ERA TARDE

ERA TARDE

Eligio Palacio Roldán

El viajero, lo recuerda porque  era el más claro ejemplo de aquel refrán de su madre, bueno, de casi todos los padres de familia, en todos los tiempos, cuando echan cantaleta: “Árbol que nace torcido, jamás se endereza”.

Su presencia fue notoria, tan solo,  a los meses de haber nacido, quizás años; unos decían que no era visible, otros que era muy raquítico y feo; no se sabe, lo cierto es que fue pisoteado muchas veces, tantas, que los más grandes lo miraban: algunos con lástima, otros con burla y los demás con desprecio.

Se torció a muy corta edad y aunque hizo muchos esfuerzos, por enderezarse, no lo logró; nunca se le vio ni el esplendor, ni la alegría de los otros, siempre estuvo desarropado, triste, melancólico; algunos quisieron ayudarle y algo lograron, no mucho; jamás pudo igualar a los demás, que miraba siempre desde abajo, con una mezcla de desesperanza y envidia. Las gentes no le auguraban ningún futuro; que no era normal, decían.

Un día, pasados muchos años, sintió un dolor muy grande; era un desprendimiento que cambiaría su existencia, para siempre. De repente, se vio en un lugar lleno de luces, tantas que no le permitían diferenciar los días y las tinieblas; en su vida solo sabía de los fuegos fatuos, que cruzaban el firmamento, en las noches sin luna.

Y entonces, de ser aquel a quien solo se le prestaba atención para maltratarle, pasó a ser el centro de atracción de la familia; todos se reunían a su alrededor, lo vestían con las mejores galas, le cantaban e incluso hasta le oraban. Esa fue la época más feliz de su existencia; pero la alegrías tan solo son instantes fugaces, mientras las tristezas son eternas.

Una noche todos los integrantes de la familia amanecieron a su alrededor; al comienzo era alegría y fiesta, solo se escuchaban risas, aplausos y felicitaciones, pero con el transcurrir de las horas el ambiente se volvió tenso; algunos discutieron, se pelearon y se marcharon de la casa, con la promesa de no volver jamás. Desde entonces, su vida  fue peor que antes, permaneció  olvidado en un rincón de la casa. Ya la existencia no giraba a su alrededor, ya no habían luces, ni reconocimiento, tan solo algunas miradas de “lástima, burla o desprecio”.

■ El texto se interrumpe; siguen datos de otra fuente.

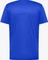 Jack Wolfskin Tech Funktionsshirt kurzarm vibrant blue (Herren) Vorschaubild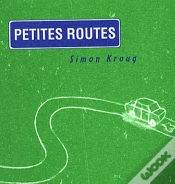 Capa do artigo Petites Routes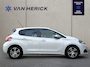 Peugeot 208 1.2 PureTech Blue Lion | Navigatie | Parkeersensoren | Cruise Control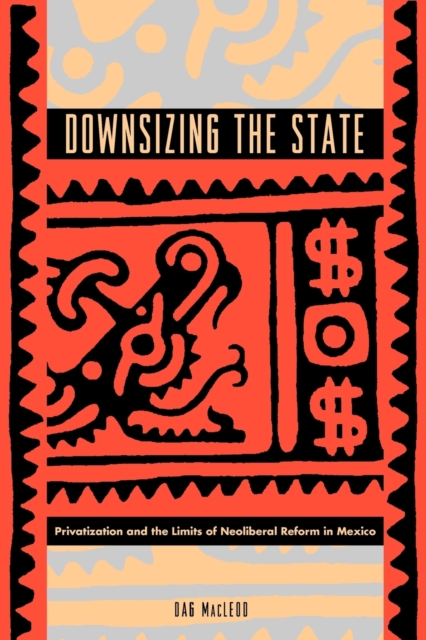 Downsizing the State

Una mañana de enero fue expulsado de la casa sin saber que allí, en la sala, en las escalas,  iban quedando, regados, retazos de su vida.

Fue arrastrado por las calles solitarias del pueblo; los niños, como en su infancia,  lo pisoteaban y se reían, mientras él se iba haciendo pedazos. Ahora no lloraba, no sufría, no aspiraba a ser como los otros; comprendía que el comienzo y el fin no existen, que son solo una ilusión, que después de un tiempo todo vuelve a su estado natural, que no vale la pena luchar por lo efímero; pero, ahora, ya era tarde, iba a descansar para siempre, como lo hacen los demás chamizos de Navidad.